## Work instructions
You are asked to write out the full listing exactly as it stands.

--------------------

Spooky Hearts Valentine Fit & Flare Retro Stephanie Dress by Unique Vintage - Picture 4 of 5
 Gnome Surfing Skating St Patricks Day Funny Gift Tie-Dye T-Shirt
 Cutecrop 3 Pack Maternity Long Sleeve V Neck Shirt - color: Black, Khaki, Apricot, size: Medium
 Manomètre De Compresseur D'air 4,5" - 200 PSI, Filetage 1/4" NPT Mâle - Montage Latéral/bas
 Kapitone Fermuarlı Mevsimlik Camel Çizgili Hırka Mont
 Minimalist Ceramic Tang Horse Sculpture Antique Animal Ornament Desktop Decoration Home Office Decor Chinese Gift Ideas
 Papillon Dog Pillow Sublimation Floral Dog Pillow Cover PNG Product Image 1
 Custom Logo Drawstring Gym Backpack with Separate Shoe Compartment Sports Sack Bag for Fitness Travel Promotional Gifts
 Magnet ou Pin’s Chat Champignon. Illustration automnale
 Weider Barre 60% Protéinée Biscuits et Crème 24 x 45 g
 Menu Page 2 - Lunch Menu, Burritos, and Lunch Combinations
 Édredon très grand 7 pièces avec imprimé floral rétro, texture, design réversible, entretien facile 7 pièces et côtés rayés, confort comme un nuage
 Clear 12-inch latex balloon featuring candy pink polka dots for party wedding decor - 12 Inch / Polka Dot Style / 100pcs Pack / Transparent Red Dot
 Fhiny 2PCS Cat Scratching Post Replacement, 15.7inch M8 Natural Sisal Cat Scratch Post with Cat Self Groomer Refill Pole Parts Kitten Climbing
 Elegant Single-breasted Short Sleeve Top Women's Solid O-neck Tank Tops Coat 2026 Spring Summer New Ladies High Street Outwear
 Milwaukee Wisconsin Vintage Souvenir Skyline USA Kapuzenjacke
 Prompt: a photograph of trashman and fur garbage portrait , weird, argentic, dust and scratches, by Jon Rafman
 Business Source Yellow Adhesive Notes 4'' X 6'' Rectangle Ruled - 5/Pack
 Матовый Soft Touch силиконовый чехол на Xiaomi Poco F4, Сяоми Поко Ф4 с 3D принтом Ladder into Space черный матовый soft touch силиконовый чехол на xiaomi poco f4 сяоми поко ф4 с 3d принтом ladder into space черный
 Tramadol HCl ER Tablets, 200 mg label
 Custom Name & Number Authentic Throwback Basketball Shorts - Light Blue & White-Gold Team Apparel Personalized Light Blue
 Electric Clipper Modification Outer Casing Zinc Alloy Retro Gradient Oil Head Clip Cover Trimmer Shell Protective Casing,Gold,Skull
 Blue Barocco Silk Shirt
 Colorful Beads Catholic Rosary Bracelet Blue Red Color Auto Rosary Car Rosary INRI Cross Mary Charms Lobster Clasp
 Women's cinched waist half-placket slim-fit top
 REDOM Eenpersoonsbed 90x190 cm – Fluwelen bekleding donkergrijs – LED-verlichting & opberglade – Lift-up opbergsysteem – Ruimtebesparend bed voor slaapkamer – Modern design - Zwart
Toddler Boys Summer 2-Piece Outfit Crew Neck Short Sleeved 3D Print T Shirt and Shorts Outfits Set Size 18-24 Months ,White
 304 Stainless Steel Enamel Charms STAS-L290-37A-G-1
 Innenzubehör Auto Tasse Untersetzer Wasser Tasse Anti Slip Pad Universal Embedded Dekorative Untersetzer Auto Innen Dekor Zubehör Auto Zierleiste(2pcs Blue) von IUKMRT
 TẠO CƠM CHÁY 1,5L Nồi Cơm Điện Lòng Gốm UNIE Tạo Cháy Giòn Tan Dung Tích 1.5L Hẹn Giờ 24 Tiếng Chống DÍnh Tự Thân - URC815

--------------------

## Solution for this problem
Spooky Hearts Valentine Fit & Flare Retro Stephanie Dress by Unique Vintage - Picture 4 of 5
 Gnome Surfing Skating St Patricks Day Funny Gift Tie-Dye T-Shirt
 Cutecrop 3 Pack Maternity Long Sleeve V Neck Shirt - color: Black, Khaki, Apricot, size: Medium
 Manomètre De Compresseur D'air 4,5" - 200 PSI, Filetage 1/4" NPT Mâle - Montage Latéral/bas
 Kapitone Fermuarlı Mevsimlik Camel Çizgili Hırka Mont
 Minimalist Ceramic Tang Horse Sculpture Antique Animal Ornament Desktop Decoration Home Office Decor Chinese Gift Ideas
 Papillon Dog Pillow Sublimation Floral Dog Pillow Cover PNG Product Image 1
 Custom Logo Drawstring Gym Backpack with Separate Shoe Compartment Sports Sack Bag for Fitness Travel Promotional Gifts
 Magnet ou Pin’s Chat Champignon. Illustration automnale
 Weider Barre 60% Protéinée Biscuits et Crème 24 x 45 g
 Menu Page 2 - Lunch Menu, Burritos, and Lunch Combinations
 Édredon très grand 7 pièces avec imprimé floral rétro, texture, design réversible, entretien facile 7 pièces et côtés rayés, confort comme un nuage
 Clear 12-inch latex balloon featuring candy pink polka dots for party wedding decor - 12 Inch / Polka Dot Style / 100pcs Pack / Transparent Red Dot
 Fhiny 2PCS Cat Scratching Post Replacement, 15.7inch M8 Natural Sisal Cat Scratch Post with Cat Self Groomer Refill Pole Parts Kitten Climbing
 Elegant Single-breasted Short Sleeve Top Women's Solid O-neck Tank Tops Coat 2026 Spring Summer New Ladies High Street Outwear
 Milwaukee Wisconsin Vintage Souvenir Skyline USA Kapuzenjacke
 Prompt: a photograph of trashman and fur garbage portrait , weird, argentic, dust and scratches, by Jon Rafman
 Business Source Yellow Adhesive Notes 4'' X 6'' Rectangle Ruled - 5/Pack
 Матовый Soft Touch силиконовый чехол на Xiaomi Poco F4, Сяоми Поко Ф4 с 3D принтом Ladder into Space черный матовый soft touch силиконовый чехол на xiaomi poco f4 сяоми поко ф4 с 3d принтом ladder into space черный
 Tramadol HCl ER Tablets, 200 mg label
 Custom Name & Number Authentic Throwback Basketball Shorts - Light Blue & White-Gold Team Apparel Personalized Light Blue
 Electric Clipper Modification Outer Casing Zinc Alloy Retro Gradient Oil Head Clip Cover Trimmer Shell Protective Casing,Gold,Skull
 Blue Barocco Silk Shirt
 Colorful Beads Catholic Rosary Bracelet Blue Red Color Auto Rosary Car Rosary INRI Cross Mary Charms Lobster Clasp
 Women's cinched waist half-placket slim-fit top
 REDOM Eenpersoonsbed 90x190 cm – Fluwelen bekleding donkergrijs – LED-verlichting & opberglade – Lift-up opbergsysteem – Ruimtebesparend bed voor slaapkamer – Modern design - Zwart
Toddler Boys Summer 2-Piece Outfit Crew Neck Short Sleeved 3D Print T Shirt and Shorts Outfits Set Size 18-24 Months ,White
 304 Stainless Steel Enamel Charms STAS-L290-37A-G-1
 Innenzubehör Auto Tasse Untersetzer Wasser Tasse Anti Slip Pad Universal Embedded Dekorative Untersetzer Auto Innen Dekor Zubehör Auto Zierleiste(2pcs Blue) von IUKMRT
 TẠO CƠM CHÁY 1,5L Nồi Cơm Điện Lòng Gốm UNIE Tạo Cháy Giòn Tan Dung Tích 1.5L Hẹn Giờ 24 Tiếng Chống DÍnh Tự Thân - URC815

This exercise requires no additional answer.